If you wish to have us tender your Unregistered Notes, please so instruct us by completing, executing and returning to us the instruction form accompanying this letter. The Letter of Transmittal is furnished to you for your information only and may not be used by you to tender your Unregistered Notes.


INSTRUCTIONS WITH RESPECT TO

THE EXCHANGE OFFER

The undersigned acknowledges receipt of your letter and the enclosed materials referred to therein relating to the Exchange Offer made by the Issuers with respect to its Unregistered Notes.

This will instruct you as to the action to be taken by you relating to the Exchange Offer with respect to the Unregistered Notes held by you for the account of the undersigned.

The aggregate face amount of the Unregistered Notes held by you for the account of the undersigned is (fill in amount):

$                     of 7-7/8% Senior Notes due 2018

With respect to the Exchange Offer, the undersigned hereby instructs you (check appropriate box):

 

  ¨ to tender the following Unregistered Notes, subject to the terms and conditions set forth in the Prospectus and the Letter of Transmittal, held by you for the account of the undersigned (insert principal amount of Unregistered Notes to be tendered) (if any): $                    

 

  ¨ not to tender any Unregistered Notes held by you for the account of the undersigned.

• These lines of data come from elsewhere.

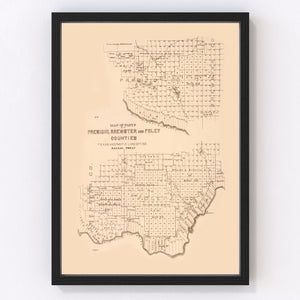 Vintage Map of Presidio County, Texas 1891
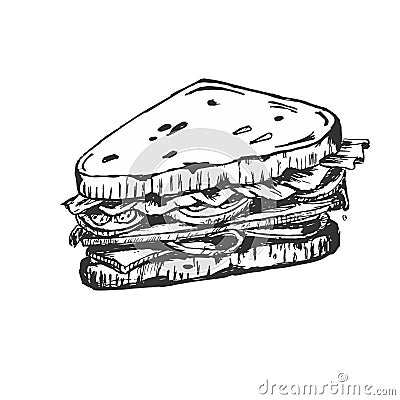 Sketch of sandwich. with tomatoes and herbs. Vector Illustration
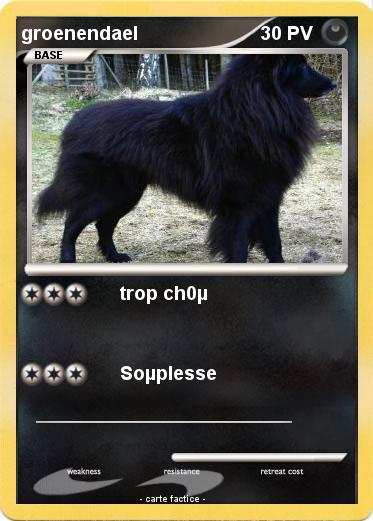 Pokemon groenendael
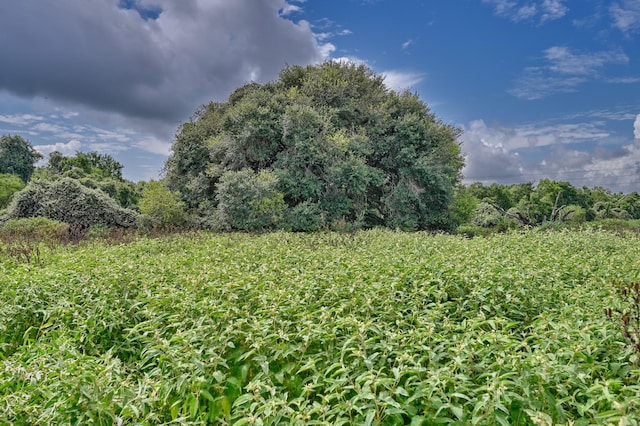0000 Bartlett Rd, Sealy, TX 77474 - photo 12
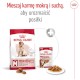 ROYAL CANIN Medium Adult 7+ M 15kg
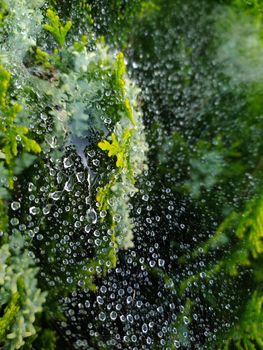 droplets of rain on the spider web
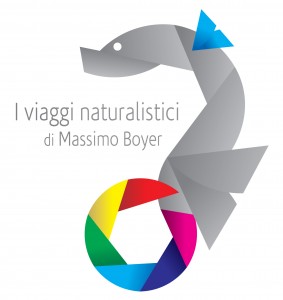 logo naturalistic
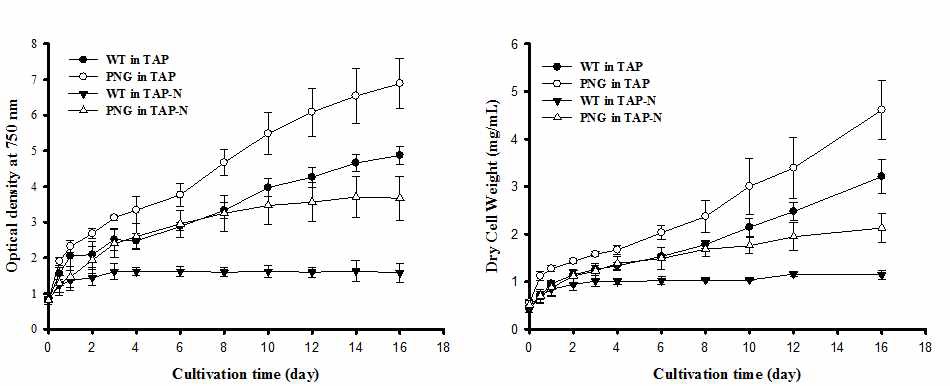 그림 25. 장기 배양(16일) 후 흡광도(좌 )와 건조질량(우)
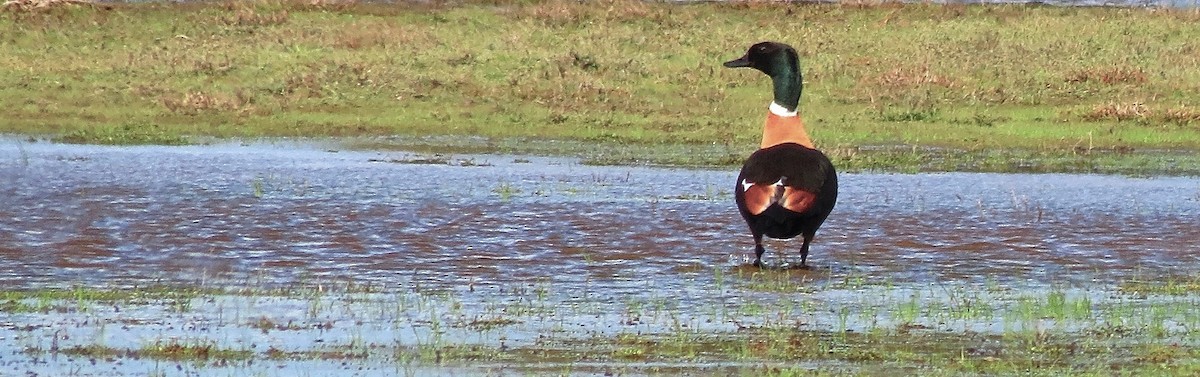 Australian Shelduck - ML64482681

If the undersigned instructs you to tender the Unregistered Notes held by you for the account of the undersigned, it is understood that you are authorized to make, on behalf of the undersigned (and the undersigned by its signature below, hereby makes to you), the representations contained in the Letter of Transmittal that are to be made with respect to the undersigned as a beneficial owner, including but not limited to the representations that:

 

   

any Exchange Notes that you receive will be acquired in the ordinary course of your business;

 

   

you are not engaged in and do not intend to engage in the distribution of the Exchange Notes;

 

   

you have no arrangement or understanding with any person or entity to participate in the distribution of the Exchange Notes;

 

   

you are not an “affiliate,” as defined in Rule 405 under the Securities Act, of either Issuer or their subsidiary guarantors; and

 

   

if you are a broker-dealer that will receive Exchange Notes for your own account in exchange for Unregistered Notes, you acquired those Unregistered Notes as a result of market-making activities or other trading activities and you will deliver a prospectus, as required by law, in connection with any resale of the Exchange Notes.

Signature:                                                                                                                                                                                                                                                   

Print Name here:                                                                                                                                                                                                                                     

Print Address:                                                                                                                                                                                                                                           

Area Code and Telephone Number:                                                                                                                                                                                                 

Tax Identification or Social Security Number:                                                                                                                                                                             

Dated:                                                                                                                                                                                                                                                          

None of the Unregistered Notes held by us for your account will be tendered unless we receive written instructions from you to do so. Unless a specific contrary instruction is given in the space provided, your signature hereon shall constitute an instruction to us to tender all of the Unregistered Notes held by us for your account.